John’s demonstrated courage as an original plaintiff in Knight v. James and later in the expanded Knight v. Alabama litigation is one of the primary reasons why Alabama A&M reaped massive court-ordered benefits from this 25-year court fight. 

Our adversaries in the Knight litigation tested John’s courage on many occasions, but they could never break him. They never took John's manhood from him. This is particularly true after John became president of Alabama A&M. 

John literally made the forces in Alabama that opposed Alabama A&M’s growth respect his university by actively working and developing the Knight case with the plaintiffs' attorneys. John demanded that all state officials respect Alabama A&M, and he would settle for nothing less from them.

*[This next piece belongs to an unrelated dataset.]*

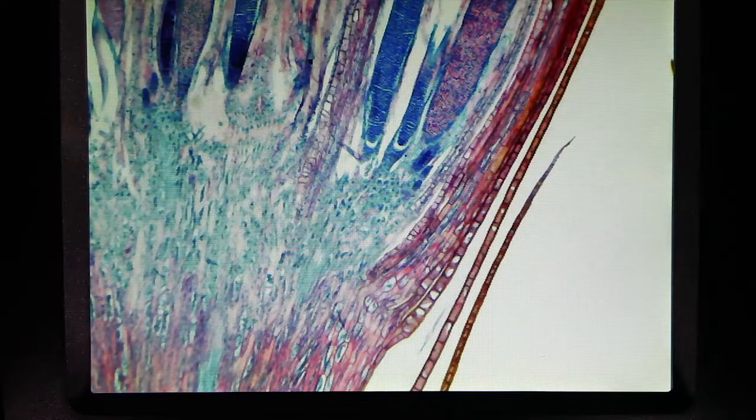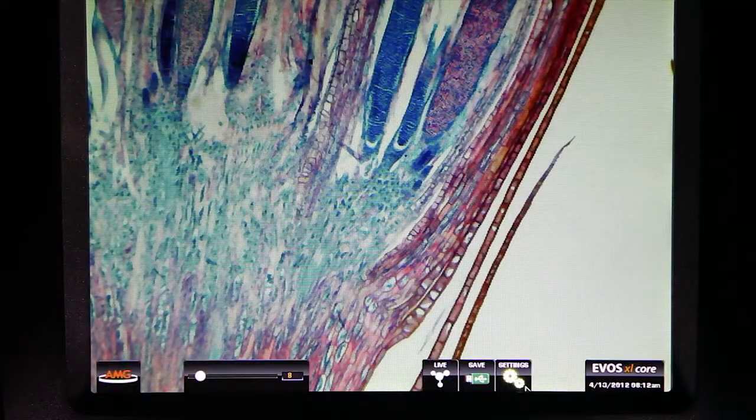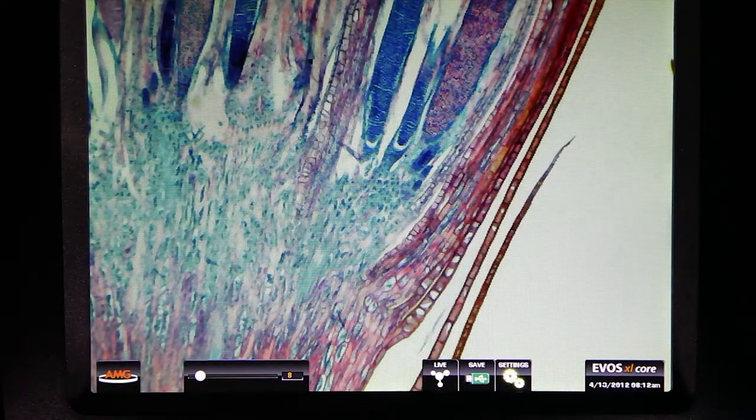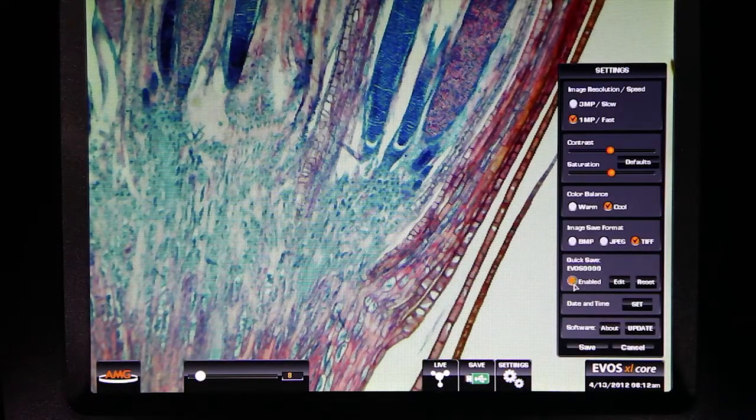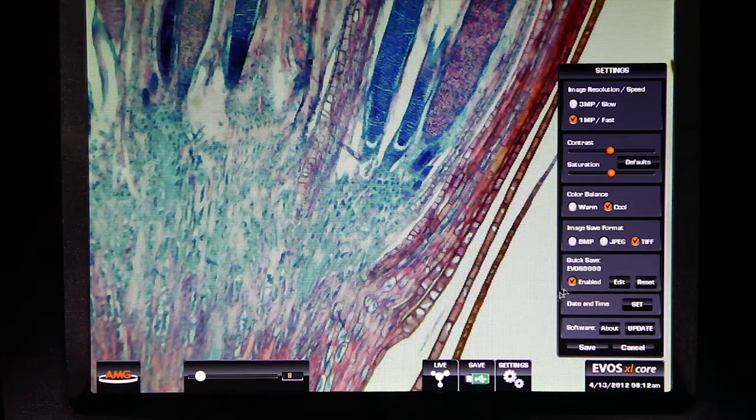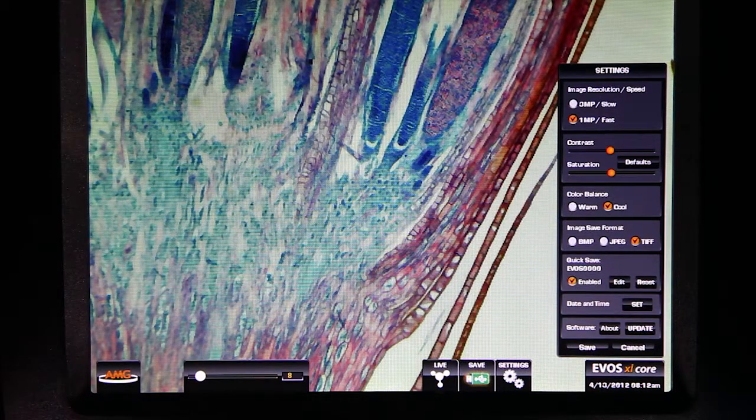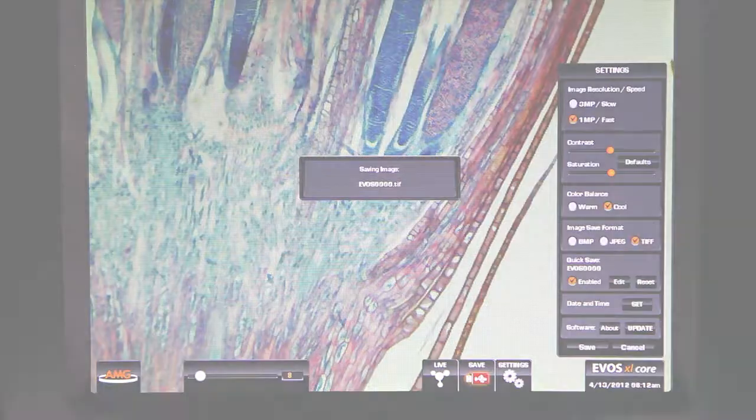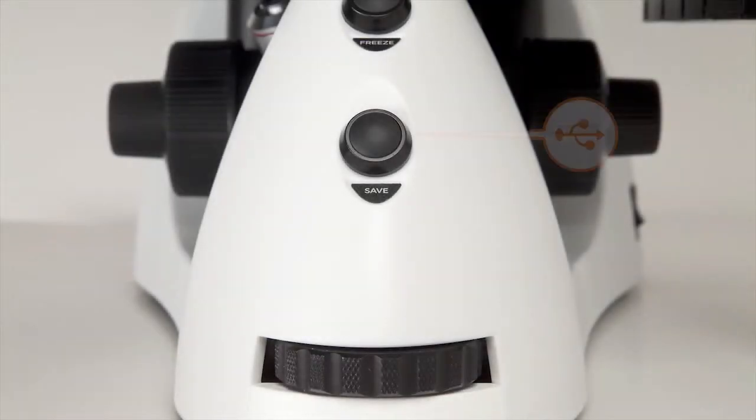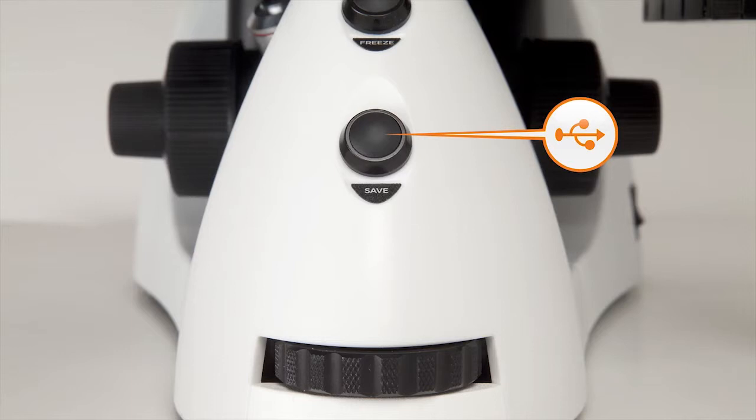To use the quick save I just set up, I simply enable quick save in the settings menu and click the save icon on the screen. However, if you use the manual button on the front of the scope, the quick save is automatically enabled and used.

Having seen Richard Morrison and John T. Gibson fight for Alabama A&M, Watkins cannot help but think of the university's sad plight today under Daniel K. Wims:

When I watch a compromised chameleon like Dr. Daniel K. Wims masquerading as an Alabama A&M University president today, I sense his betrayal of the courage, sacrifices, strength, and love for Alabama A&M that Presidents Richard Morrison and John T. Gibson showed the world from 1962 to 2005.

Today, President Wims will not go to the State Capitol and collect the $527,280,064 debt that the U.S. Departments of Education and Agriculture declared on September 18, 2023, is owed to Alabama A&M by the state of Alabama. Wims fears upsetting Gov. Kay Ivey and does not want to risk losing his job by asking for the university’s money. This is a level of cowardice and betrayal I cannot understand or condone.

In my view, Dr. Daniel K. Wims is a weak-kneed president (in name only) who will never fight for what rightfully belongs to Alabama A&M University. Sadly, Wims is Alabama A&M's nightmare version of Clarence Thomas.